Because of their intrinsic capability to carry diverse coded information, nucleic acids have been used to provide a secure, cost effective and forensic method to help companies protect their intellectual property and brand. U.S. Pat. No. 5,139,812 discloses the use of nucleic acid sequences in ink for identifying an object with a probe. U.S. Pat. No. 5,451,505 uses nucleic acids as taggants. Such techniques also are not readily perceptible without the aid of special equipment, which develop the presence of such markers. U.S. Patent Application Publication No. 2005/0112610 discloses the use of nucleic acid sequences for identifying textiles. However, for each unique code it is required that a separate, unique target nucleic acid sequence be synthesized, increasing cost and decreasing practicality of the methods. Moreover, complex and expensive sequencing analysis has typically been required to identify such unique sequences.
The presently disclosed subject matter overcomes certain of the above limitations in Identif's Bio-Molecular Marker Covert system, which is based on a synthetic target nucleic acid sequence supplied as an ink. The Indentif product's label is imprinted with a customer-specific ink, which can be identified in the field by activating the marking with a pen that contains the mating strand. One of the half strands of DNA is accompanied by a “molecular beacon” fluorophore. When unmatched, the fluorophore is not visible. But when matched with a mating strand, it opens and the fluorophore becomes detectable. In contrast to Identif's technology, the signal in the presently disclosed subject matter does not require that either strand be synthesized with costly molecular beacon technology incorporated. Additionally, the methods of the present disclosure do not require synthesis of separate, unique target nucleic acid sequences for each customer-specific code, as is the case with Identif's method.

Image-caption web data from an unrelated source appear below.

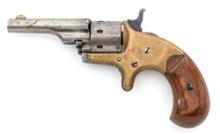 Colt 1872 Open Top Pocket Model 7-Shot Revolver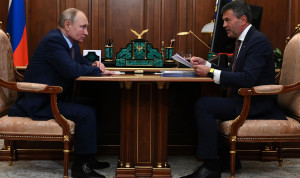 Владимир Путин встретился с гендиректором АНО «Россия – страна возможностей»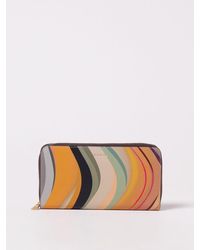 Paul Smith - Portafoglio Dusky Swirl - Lyst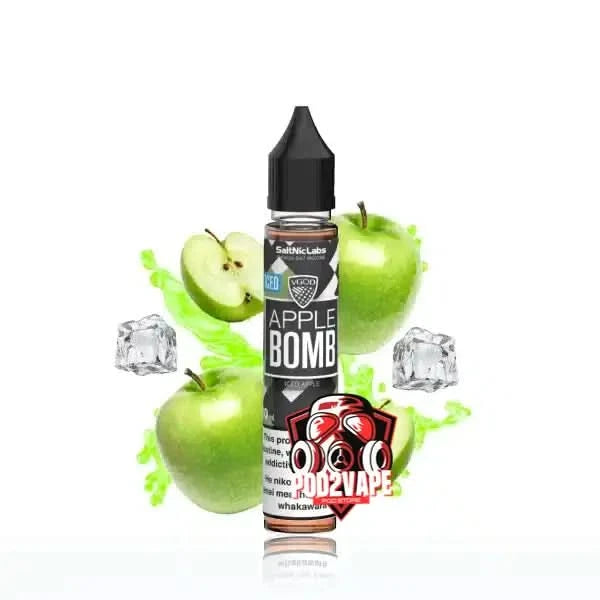 Vgod salt nic apple bomb iced nic25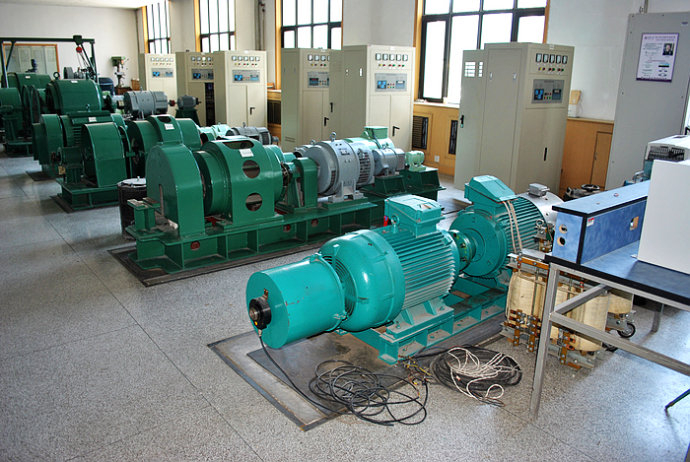 YKS5604-12某热电厂使用我厂的YKK高压电机提供动力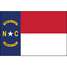 North Carolina State Flag,3x5
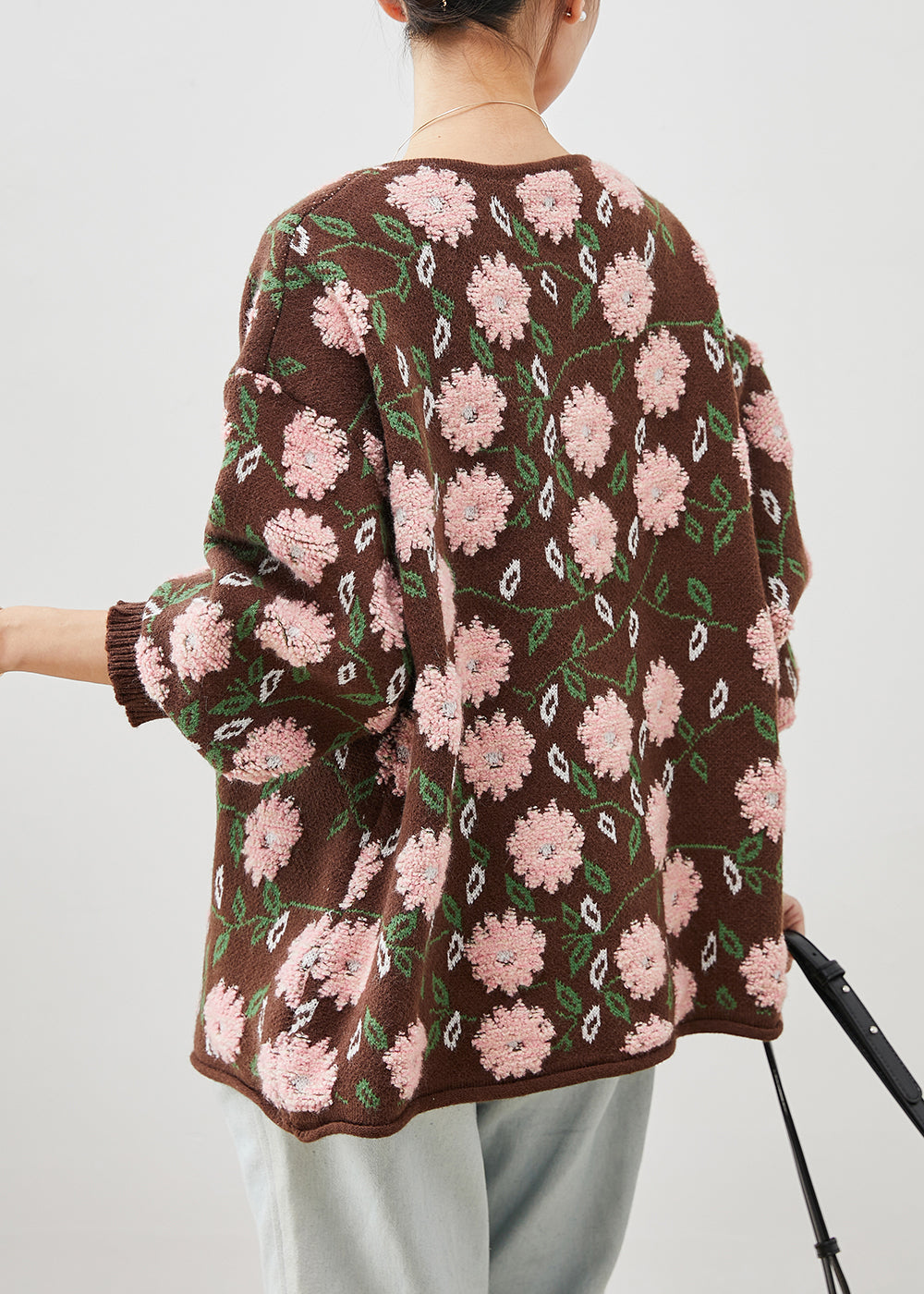 Vintage Inspired Cardigan with a Contemporary Edge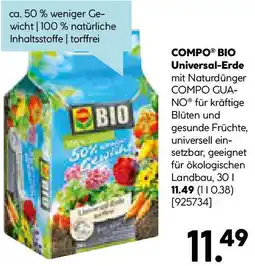 Hellweg COMPO BIO Universal Erde Angebot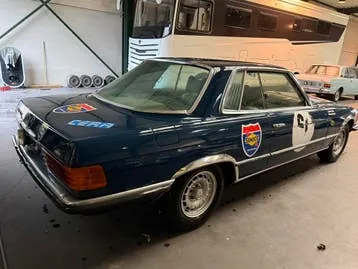 Mercedes-Benz Slc 1973 photo 3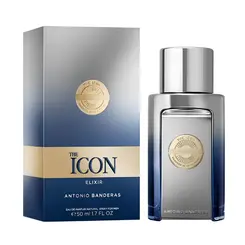 ANTONIO BANDERAS THE ICON ELIXIR EAU DE PARFUM PERFUME MASCULINO 50ML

Applied DNA Sciences offers the SigNature™ Program based on APDN's plant-derived DNA sequences. Botanical DNA is encrypted into inks, paper, thread, holograms and other mediums, or printed in a botanical DNA SigNature logo that highlights the word “Nature”. The logo has been designed to contain embedded botanical DNA, for overt detection and forensic authentication purposes. For real-time detection, APDN offers a proprietary SigNature DNA detection pen that is applied over the DNA-embedded SigNature logo, prompting a reversible color change. No details have been uncovered relating to the chemistry of detection, but the APDN method is subject to the same limitations as those identified for Identif's.
Thus, there is an unmet need for more tamperproof authentication technology that is also cost effective. The present disclosure provides such improved authentication technology.